Sweet Corn Festival Committee Chairperson Warren Brown has been involved with the event since its beginning in 1982. He will start the festival by addressing the crowd, introducing the festival’s king and queen and allowing them to cut the ribbon.
“It provides an event where the family can come eat, look and buy crafts and get information,” Brown said. “They don’t have to leave town, and it’s right before school so it’s a good time to get family together.”
This year’s Sweet Corn Festival King and Queen is Leroy Farthing and Ellen Slone-Farthing. Traditionally selected by the Fairborn Lions Club, the festival has featured a king and queen each year since it has taken place.

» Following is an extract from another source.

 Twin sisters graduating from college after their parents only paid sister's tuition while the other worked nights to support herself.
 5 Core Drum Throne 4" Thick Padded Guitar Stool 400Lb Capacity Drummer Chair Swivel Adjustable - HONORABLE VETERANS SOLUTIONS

“Hopefully they’ll feel good about the food they ate, find some bargains in the arts and crafts they can take home, and being together with their family,” Brown said. “It’s so hard to have families come together anymore, so they can [come and] enjoy a few hours together.”
The Sweet Corn Festival earned its name by the amount of corn that stretches across the area. Brown said a corn field formally sat where the Fairfield Mall in Fairborn is currently located. Its first festival took place at the Fairborn Lions Den, followed by the land by Central Junior High School. Each year since, the festival has been held at Fairborn Community Park with this year being no exception.
Its activities are uniform compared to the festivals that have taken place in the past, although Brown said the vendors are varied according to what the other’s are offering. Although this year, they will be reintroducing festival t-shirts for sale and offering bags with the logo printed across it for the first time.
The committee is additionally considering implementing leveled sponsorship in the future.
“We want to provide a fair in town so they can go eat their sweet corn and chicken,” he said. “We have all kinds of other food vendors and it’s a real variety. That’s one of the things we do – if you wanted to come and be a food vendor, if you do what someone else does, we won’t bring you in so we get a mixture.”
The festival has been in the planning stages over the course of the last year. Brown said by the end of the month, the committee will hold a meeting in which they will reflect on this year’s event. They meet on a regular basis in the months preceding the event, and Brown said they will begin planning for next year’s Sweet Corn Festival no later than November.
It will take place beginning at 11 a.m. to 8 p.m. Saturday, until it picks back up the following day at 11 a.m. and wrapping up by 6 p.m. at Community Park.